[
https://issues.apache.org/jira/browse/CASSANDRA-20176?page=com.atlassian.jira.plugin.system.issuetabpanels:comment-tabpanel&focusedCommentId=17914802#comment-17914802
]
Dmitry Konstantinov commented on CASSANDRA-20176:
-------------------------------------------------
I have run some initial tests to compare SEP vs plain executors on CPU-bound
workload:
* [https://github.com/netudima/cassandra/tree/sep_benefits_testing-5.0] - the
logic to disable SEP and use plain executors instead
* single node cluster as a first step (I understand that it is a synthetic
load and at least 3 nodes is more realistic)
* write only workload (small inserts) is generated using cassandra stress:
{code:java}
./tools/bin/cassandra-stress "write n=10m" -rate threads=100 -node somenode
{code}
* OpenJDK jdk-17.0.12+7
* Linux kernel: 4.18.0-240.el8.x86_64 (quite an old version but it is that I
have as of now)
* CPU: 16 cores, Intel(R) Xeon(R) CPU E5-2680 v4 @ 2.40GHz
* RAM: 46GiB => 8GiB Xmx
* commit log enabled
* compaction disabled (to simplify analysis)
h2. Disabled SEP results:
{code:java}
Results:
Op rate : 95,942 op/s [WRITE: 95,942 op/s]
Partition rate : 95,942 pk/s [WRITE: 95,942 pk/s]
Row rate : 95,942 row/s [WRITE: 95,942 row/s]
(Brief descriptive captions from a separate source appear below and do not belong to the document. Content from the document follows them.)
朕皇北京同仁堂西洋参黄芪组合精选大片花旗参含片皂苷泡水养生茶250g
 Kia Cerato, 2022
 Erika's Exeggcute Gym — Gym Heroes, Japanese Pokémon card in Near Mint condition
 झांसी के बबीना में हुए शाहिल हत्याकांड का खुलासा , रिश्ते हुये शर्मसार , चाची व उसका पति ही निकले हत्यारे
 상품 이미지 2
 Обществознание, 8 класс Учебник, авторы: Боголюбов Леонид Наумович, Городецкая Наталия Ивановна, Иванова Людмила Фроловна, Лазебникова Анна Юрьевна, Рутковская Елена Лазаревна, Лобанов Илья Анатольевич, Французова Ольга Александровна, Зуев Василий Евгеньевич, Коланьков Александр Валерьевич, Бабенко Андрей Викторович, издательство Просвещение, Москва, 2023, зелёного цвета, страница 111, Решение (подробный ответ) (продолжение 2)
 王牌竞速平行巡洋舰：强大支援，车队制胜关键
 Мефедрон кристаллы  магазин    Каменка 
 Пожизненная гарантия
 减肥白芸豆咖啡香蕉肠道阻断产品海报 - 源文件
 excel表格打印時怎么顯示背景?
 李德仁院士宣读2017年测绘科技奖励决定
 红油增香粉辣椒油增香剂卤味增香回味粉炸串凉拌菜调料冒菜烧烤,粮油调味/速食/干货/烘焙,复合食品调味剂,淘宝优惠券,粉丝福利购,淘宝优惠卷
Latency mean : 1.0 ms [WRITE: 1.0 ms]
Latency median : 0.8 ms [WRITE: 0.8 ms]
Latency 95th percentile : 2.1 ms [WRITE: 2.1 ms]
Latency 99th percentile : 6.9 ms [WRITE: 6.9 ms]
Latency 99.9th percentile : 14.1 ms [WRITE: 14.1 ms]
Latency max : 91.6 ms [WRITE: 91.6 ms]
Total partitions : 10,000,000 [WRITE: 10,000,000]
Total errors : 0 [WRITE: 0]
Total GC count : 26
Total GC memory : 96.479 GiB
Total GC time : 1.4 seconds
Avg GC time : 53.0 ms
StdDev GC time : 13.7 ms
Total operation time : 00:01:44
{code}
Increasing of client threads to 300 and increasing limits for in-progress
requests memory amount:
{code:java}
native_transport_max_request_data_in_flight_per_ip: 1024MiB
native_transport_max_request_data_in_flight: 1024MiB
{code}
allow squeeze only a bit more:
{code:java}
Results:
Op rate : 111,402 op/s [WRITE: 111,402 op/s]
Partition rate : 111,402 pk/s [WRITE: 111,402 pk/s]
Row rate : 111,402 row/s [WRITE: 111,402 row/s]
Latency mean : 2.6 ms [WRITE: 2.6 ms]
Latency median : 2.6 ms [WRITE: 2.6 ms]
Latency 95th percentile : 3.8 ms [WRITE: 3.8 ms]
Latency 99th percentile : 7.0 ms [WRITE: 7.0 ms]
Latency 99.9th percentile : 33.5 ms [WRITE: 33.5 ms]
Latency max : 220.1 ms [WRITE: 220.1 ms]
Total partitions : 10,000,000 [WRITE: 10,000,000]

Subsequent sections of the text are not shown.